The University of St. Thomas

Msgr. Ambrose Hayden

Monsignor Ambrose Hayden

The third area to which Archbishop Roach referred as particularly noteworthy in the priests who have come from our Seminary, is that of "Administration." That's a very broad word. But every member of a parish staff, everyone who has attended his or her 165th parish meeting, everyone who has bought additional Tylenol in worrying about the retirement of a huge debt or the repair of a gutter, who has comforted the tears of those who mourn and calmed the anger of those who rage; who has looked into the future, and responded to its needs in the present, such know that "Administration" covers like an umbrella a whole range of possible priestly activity.

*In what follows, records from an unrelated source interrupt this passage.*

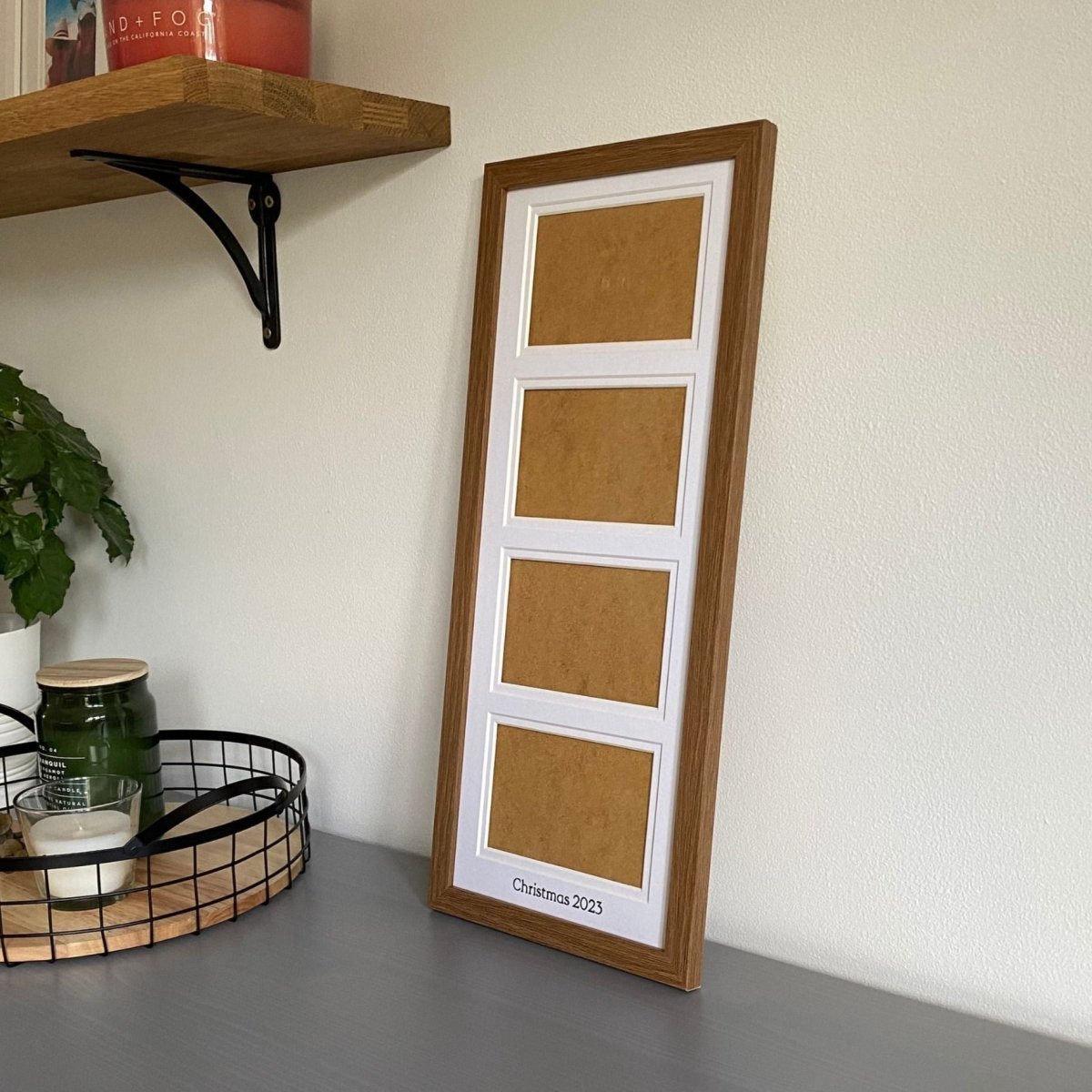 Dark brown frame with white mount on grey dresser next to a black mesh tray with candles and plant, shelf on wall - Azana Photo Frames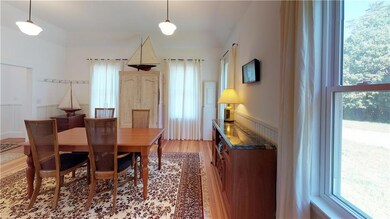 View of dining room and front...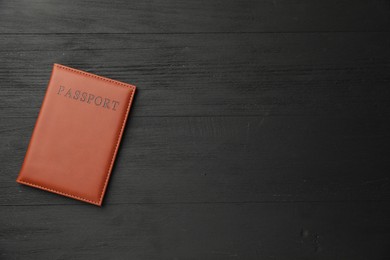 Photo of Passport in brown cover on black wooden table, top view. Space for text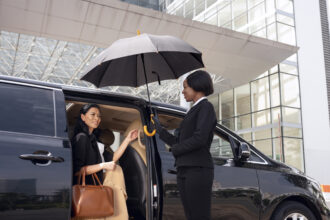 businesswoman-getting-taxi-cab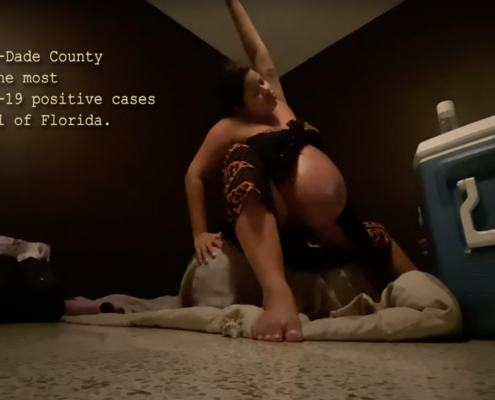 Pamela stretching on an exercise ball while pregnant. Her belly is bare and theres a cooler in front of her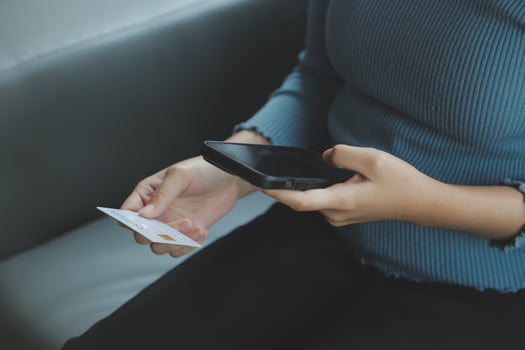 A credit card in the hands of a young businesswoman pays for a business on a mobile phone and on a desk with a laptop. photo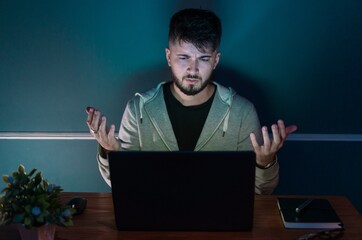 Young man in front of a computer doing work from home. All in a low light environment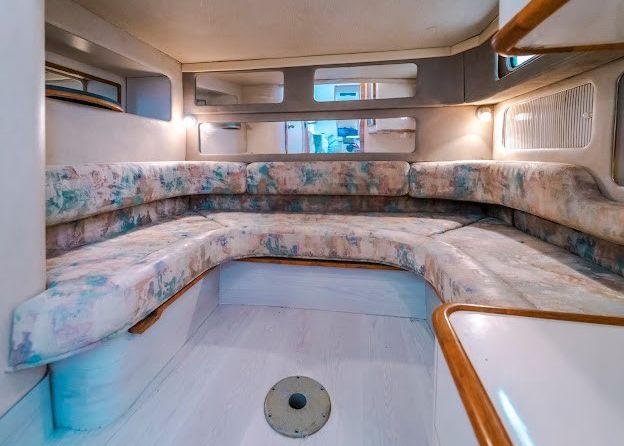 The inside of a boat with a couch and a sink.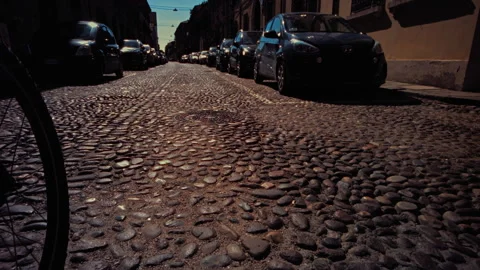 Slow motion image of a bicycle wheel rolling on cobblestones Stock Footage 274679691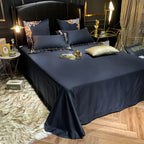 Coordinating solid black bedspread styled with floral embroidered pillow shams, PERIK – L&B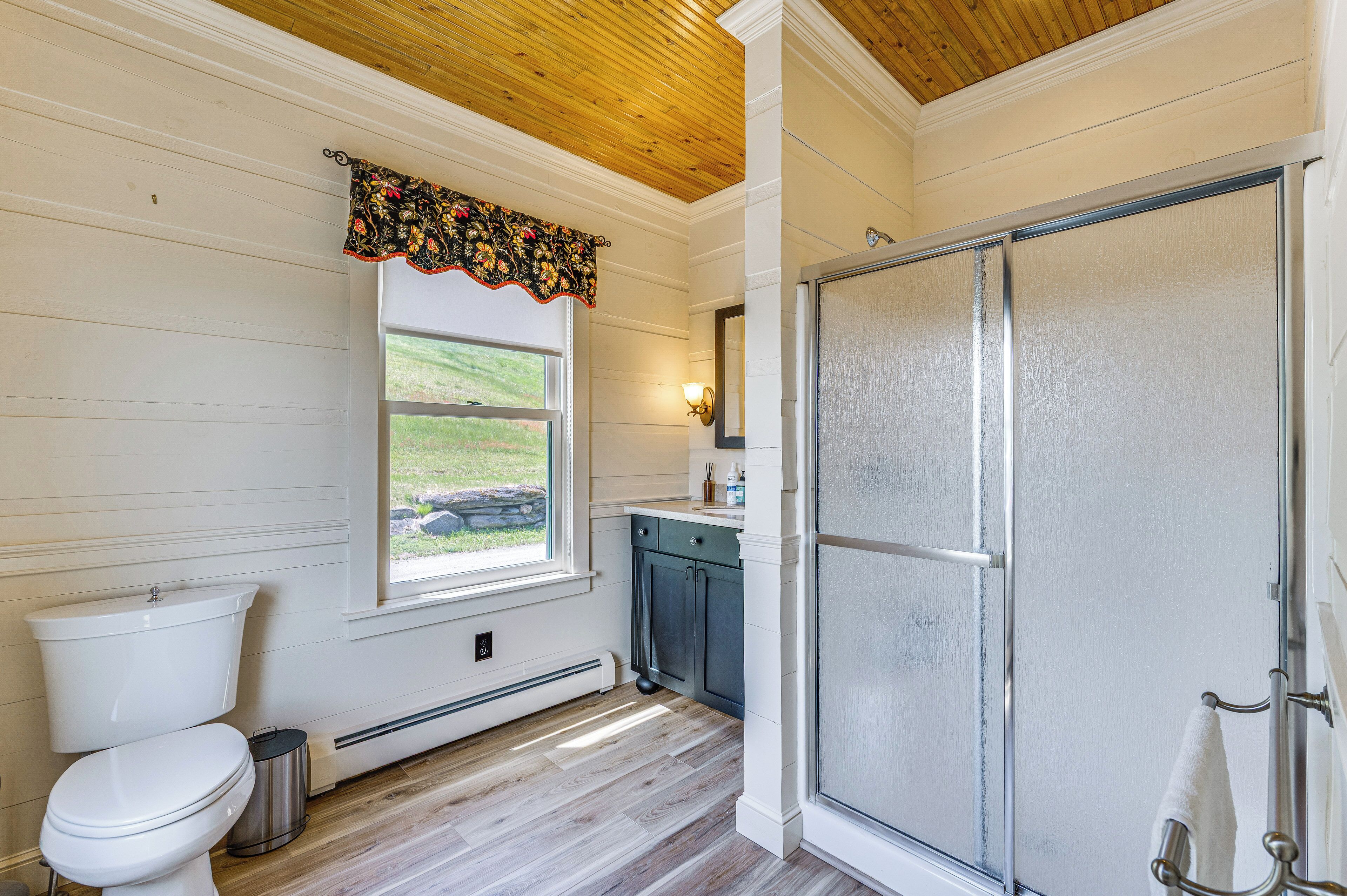 Een badkamer met toilet, een raam met bloemen gordijn, douche met een mat glazen deur en een wastafel met kastjes.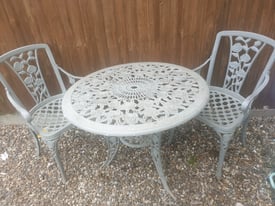Cast iron table with 2 chairs lovely set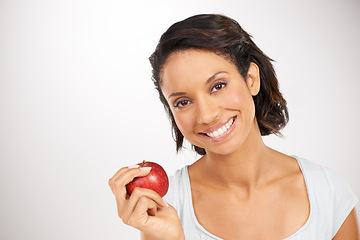 Image showing Happy woman, portrait and apple for health diet, snack or natural nutrition against a studio background. Face of female person or model smile with red organic fruit for fiber, vitamin or healthy meal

Sometimes on a tiny scale, sometimes on a huge one. The one here is huge - and impressive. The third Recipient of our praise and honor began, prosaically enough, in the postwar uncertainties of the 1940's, as a candidate for a degree in Library Science. But that turned out to be largely an avocation. More importantly, our Recipient 's obvious gifts of articulation, and spiritual insight, and sensitivity to human relations, brought him the appointment of Spiritual Director to the Nazareth Hall Preparatory Seminary for a full fourteen years! His influence during that decade and a half has formed, deeply and well, perhaps half of our priests now living.

But those qualities of sensitivity and insight and deft dealing with people brought our recipient to an equally influential position - which might never have occurred to you. The principal church of an Archdiocese is its Cathedral (and incidentally, it's been said seriously that ours is one of the five outstanding ones of the United States). This Recipient was appointed to administer THAT. And that's quite a package. Life at a Cathedral is largely unlike that of any other Church you will know: originally in sheer size and volume, and then in the grandeur of its ceremony. And correlative to all this, the grandeur of its bank account or its indebtedness.

But above all this, was and is a further ingredient. Traditionally, outstanding candidates for priesthood and then ministry have been assigned to the Cathedral. This third Recipient served truly as a skilled, gentle, forceful, wise mentor, to a stream of outstanding young priests who had been fortunate enough to have received assignment there. Father Michael Arms was one of them.

Another of this distinguished Recipient's skills lay in precisely that one area of need: the bank account. This esteemed priest had, we know not where from, more than ordinary skills in financial judgement. He was called upon early and often and lengthily in most of the major financial transactions of the Archdiocese - from acquisition of endless acres of land, to the formation of a huge and free-standing monetary endowment to take care of his Cathedral (presumably perpetually).

The third recipient has given of all these formidable skills to this Archdiocese for fifty years - in depth, and without stint, and with authentic wisdom. The monuments of his gifts lie all around him - in people, in buildings, in resources - and most of all, deep within the texture of the many souls he has touched. It is we who are honored, in honoring: MONSIGNOR AMBROSE HAYDEN.